In 1996, with the support of the Archbishopric of Cusco and the European Union, the temple was restored after it was closed about 30 years.

==Description==
The temple is composed of a Latin cross nave with a rectangular floor plan with small lateral niches. The walls inside the temple are polished stone with lime plaster. The whole church is also built with andesite. The roof of the temple is composed of five vaults built with rectangular bricks. In the sector of the presbytery the altarpiece or baroque altar with two lateral sacristies is located. The wall of the facade is treated as a rectangular stonework canvas, composed of three bodies. The crowning of the facade is a border element with circular ornaments on which the cornice tops.

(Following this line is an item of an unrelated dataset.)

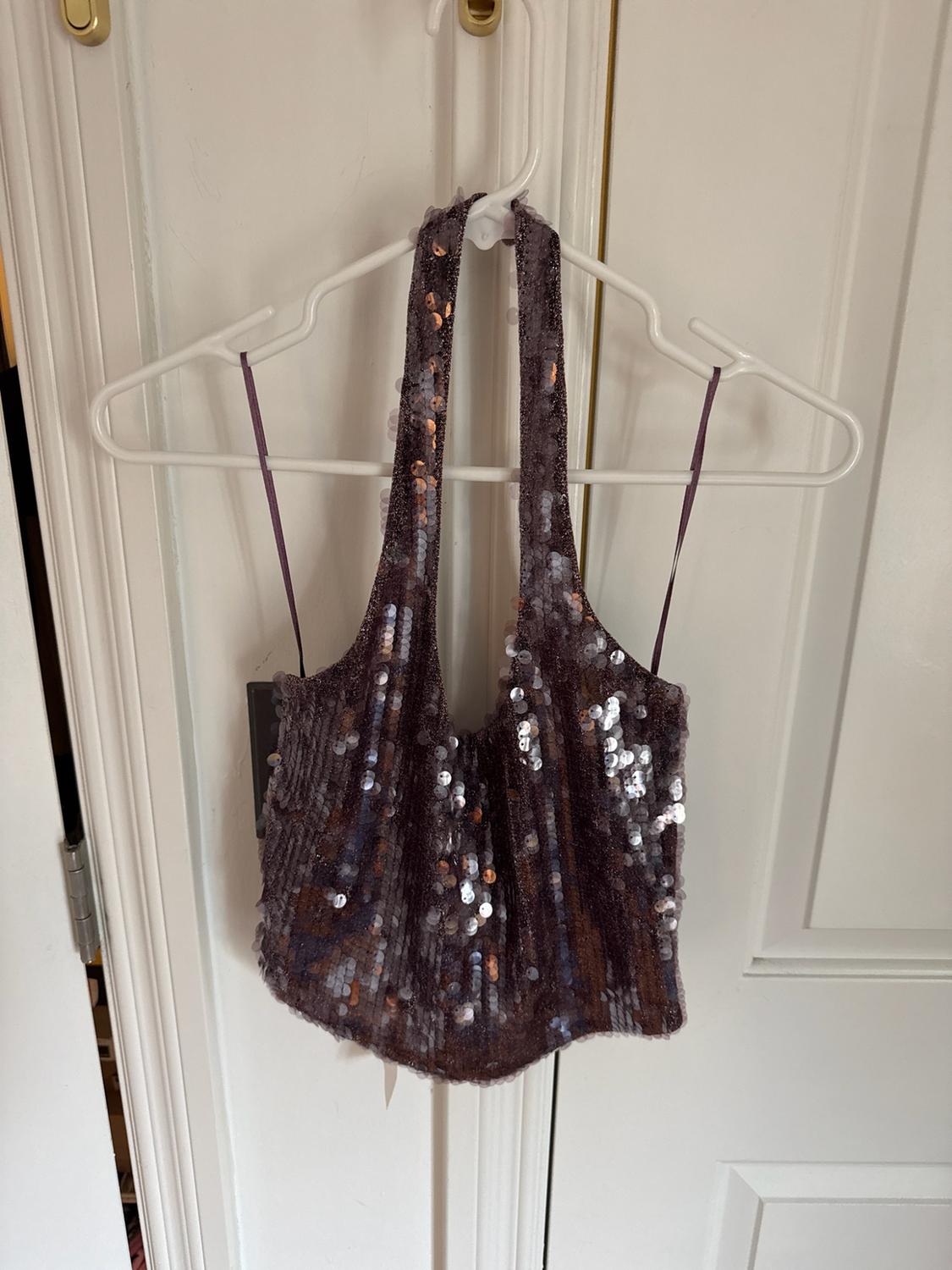 Sparkly sequin halter top hanging on a white hanger over a door.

The temple has an altarpiece of cedar, made in 1737, baroque, carved and gilded, with mostly old images and canvases and a beautiful silver front, as well as the tabernacle and the racks, all very well made. It is recorded that in 1745, José Pardo de Figueroa, Marquis of San Lorenzo de Valleumbroso, donated the front of silver, mayas, blandones and other wealths, as well as a silver lamp and a crystal lamp.

The interior paintings are by the noble Indigenous Antonio Sinchi Roca. The paintings are titled The Eucharist, The Penance and The Baptism, which possibly formed part of a series dedicated to the Sacraments. In another place, the portrait of Bishop Gabriel de Arregui was painted, the person who began the construction of the temple.